= Vladimir Kaspé =

Vladimir Kaspé (3 May 1910 – 7 October 1996) was a Chinese-born Mexican architect, teacher, and writer. He had a single brother, Simon Kaspé, who was a year older than him. Kaspé was married to Masha Shapiro.

==Life and career==
He was born on 3 May 1910 in Harbin, China, to Russian-Jewish parents. He moved to Paris in 1926 and studied at the École des Beaux-Arts from 1929 to 1935. There, his teacher was Georges Gromort. He moved to Mexico in the mid-1940s.

In 1948 the Súper Servicio Lomas Building, which he designed, opened. He designed the Albert Einstein Secondary School (Escuela Albert Einstein) in Mexico City, which was in development from 1944 to 1946, and opened in 1949. It was one of his first commissions.
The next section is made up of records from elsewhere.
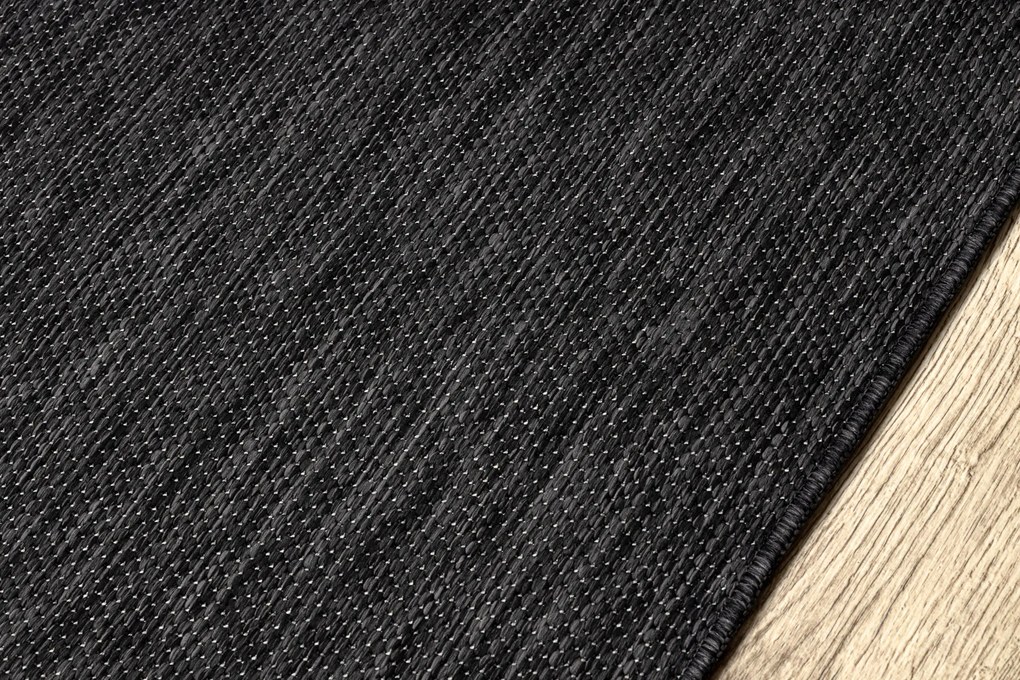 Covor SISAL SION A5165A Melanj țesute plate negru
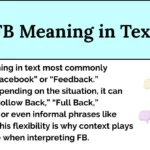 FB Meaning in Text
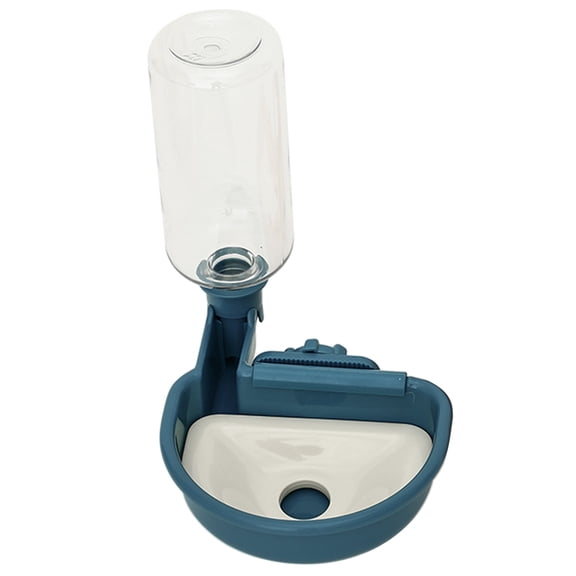 Necvior Pet Feeder Self Dispensing Gravity Feed Automatic Water Dispenser Plastic Hanging Dog for Cat Water Fountain Easy to Ref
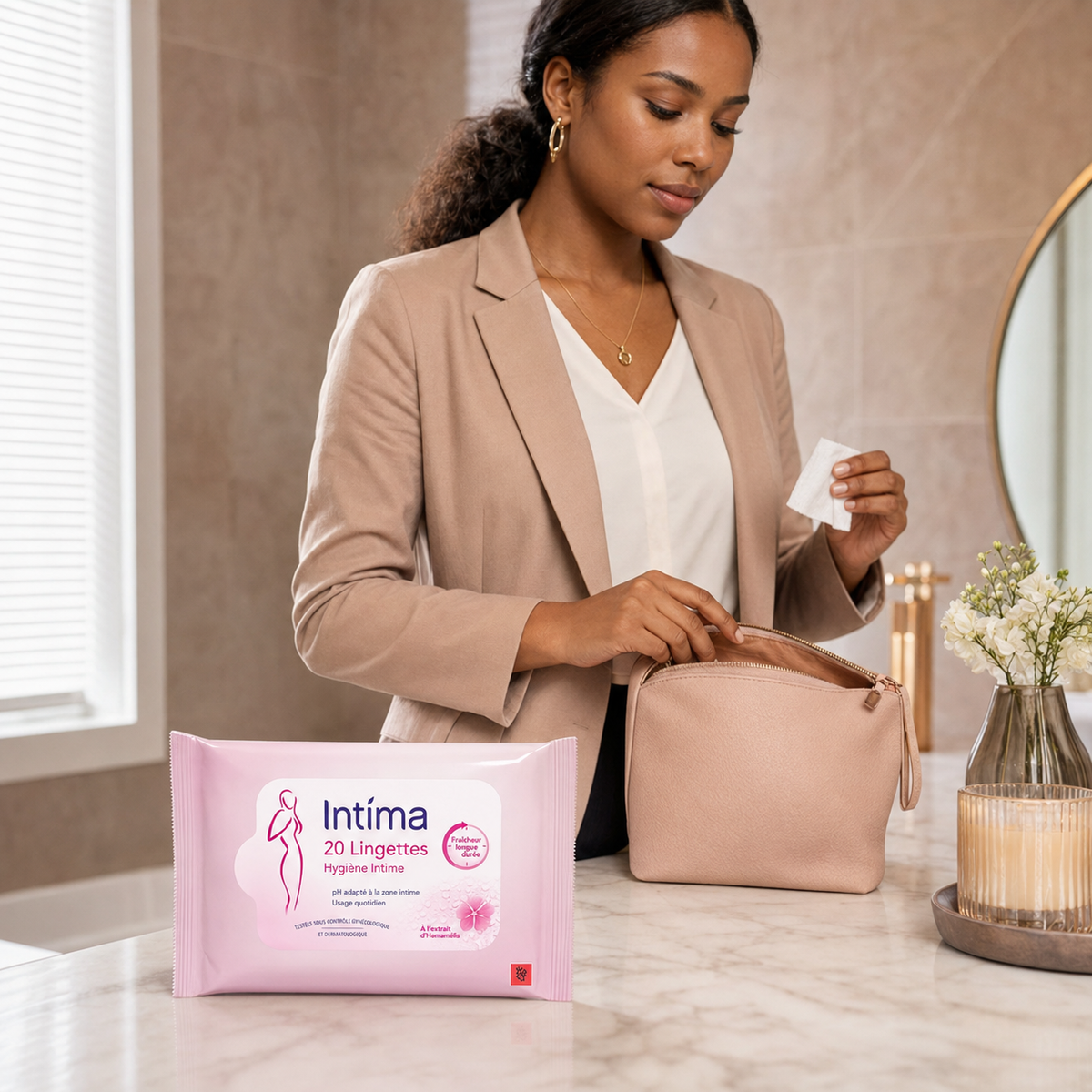 Intima 20 Lingettes Intimes - fraîcheur quotidienne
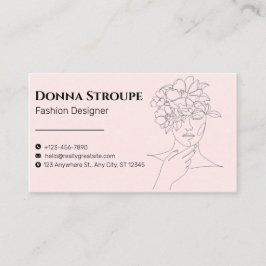 Minimal Mooie en Elegante Mode Designer Visitekaartje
With J. Hanhausen, he designed the Facultad de Economia in the Ciudad Universitaria, Mexico City, which was completed in 1953. He also designed the Liceo Franco Mexicano in Mexico City, which opened in 1950. Jane Turner, the author of the Encyclopedia of Latin American and Caribbean Art, wrote that examples his educational architecture were "notable for their formal austerity". He died in Mexico City on 7 October 1996.

==Legacy==
The Vladimir Kaspé Cultural Center was designed by Jorge Hernandez de la Garza.